Sisma,si ricostruisce
Il modello da seguire

Prima la paura per le scosse continue, il terremoto seriale che non ha abbandonato per mesi il cuore dell’Italia. Poi le promesse, i soldi trovati e stanziati, il denaro dell’Europa, i progetti e i disegni di una ricostruzione che verrà. Eppure non basta, perché oggi ciò che fa paura è la precarietà e allora monta il senso di abbandono e di finire ultimi della fila in un Paese che continua a soffrire e stenta a ripartire tra dati contradditori dell’uscita dalla crisi. Le proteste di ieri della gente del cuore dell’Italia ferita dal terremoto lungo le strade e davanti al palazzi della politica a Roma segnano il dramma senza fine nella quale si sente costretta.

Non c’erano i sindaci con le fasce tricolori, ma questo non significa che la protesta possa essere rubricata come minore, frutto di tribolazioni irrazionali a metà strada tra populismo e dissenso ribelle. Ciò che accaduto in Italia dopo tanti terremoti e disastri ambientali con il seguito di inchieste giudiziarie per quello che doveva essere fatto e non è stato fatto, è una spina conficcata nel cuore profondo della nazione e della gente, che non può purtroppo che alzare la voce, magari scompostamente.
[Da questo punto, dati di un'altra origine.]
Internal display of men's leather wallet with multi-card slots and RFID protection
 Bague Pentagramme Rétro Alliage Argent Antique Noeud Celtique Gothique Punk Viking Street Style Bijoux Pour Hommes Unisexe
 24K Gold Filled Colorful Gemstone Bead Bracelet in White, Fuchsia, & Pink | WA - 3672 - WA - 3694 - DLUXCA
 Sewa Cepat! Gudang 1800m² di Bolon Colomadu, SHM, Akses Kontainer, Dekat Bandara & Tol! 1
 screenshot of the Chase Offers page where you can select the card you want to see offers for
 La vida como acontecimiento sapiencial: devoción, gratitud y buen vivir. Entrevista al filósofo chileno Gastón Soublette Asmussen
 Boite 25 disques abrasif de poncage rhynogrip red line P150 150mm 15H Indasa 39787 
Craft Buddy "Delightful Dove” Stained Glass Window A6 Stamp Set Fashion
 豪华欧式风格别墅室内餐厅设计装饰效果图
Ma è una voce che deve essere ascoltata e non può essere liquidata come espressione di malcontento che poi passa. L’impressione è che oggi poche siano le persone in grado di dare fiducia. Il presidente delle Repubblica Sergio Mattarella è stato più volte nei Comuni dell’Italia centrale. È una persona che dà fiducia. Anche Papa Francesco lo ha fatto. Ha abbracciato e incoraggiato. Anche lui è uno che dà fiducia. Ma non basta. Il timore è che l’eccessiva burocrazia possa rallentare e così luoghi meravigliosi spariscano perché la gente non ha più le case e le chiese e soprattutto non ha più lavoro. Le proteste di ieri sono il frutto della passione di persone che amano la propria terra. Il Papa e il Presidente in questi mesi hanno abbracciato le fatiche e le angosce, il vuoto, il ritardo, le delusioni e la stanchezza della gente. Ma anche la loro speranza. Oggi Bergoglio arriva a Carpi terra squassata e ferita cinque anni fa da un altro terremoto, borghi e lavoro sbaragliati dalle scosse, 28 morti nel cuore dell’Emilia più ricca e sicuramente meno abbandonata delle montagne della Laga e del Gran Sasso, di Arquata del Tronto, di Amatrice, delle Marche e dell’Umbria, piccoli Comuni che già faticavano tra abbandono della montagna e precarietà economica. La ricostruzione del distretto di Carpi e di Mirandola è stata sicuramente virtuosa e il terremoto qui ha fatto da volano allo sviluppo. Nei pochi chilometri attorno a Mirandola si sviluppava un distretto economico tra i più importanti d’Italia, il distretto del «biomedical», industrie ad altissima tecnologia dei dispositivi medici, che conta quasi il 2% del Pil italiano, 100 industrie, migliaia di posti di lavoro, volume di affari alle stelle ed export per il 70 %. Dopo cinque anni sono tutte ripartite ed anzi i posti di lavoro sono aumentati, esempio perfetto di una ricostruzione che ha privilegiato prima il lavoro e le scuole e insieme le case per evitare che la popolazione andasse via. È un esempio perfetto che potrebbe essere replicato anche per il terremoto del Centro Italia. Il merito va ad un coordinamento virtuoso tra tutti gli attori istituzionali e privati che vi hanno collaborato. Chi ha guidato la ricostruzione dell’Emilia, l’ex presidente della Regione Vasco Errani, è adesso commissario straordinario per il terremoto dell’Italia centrale. La sua scelta è senza dubbio una garanzia. Ma a patto che ognuno faccia la sua parte.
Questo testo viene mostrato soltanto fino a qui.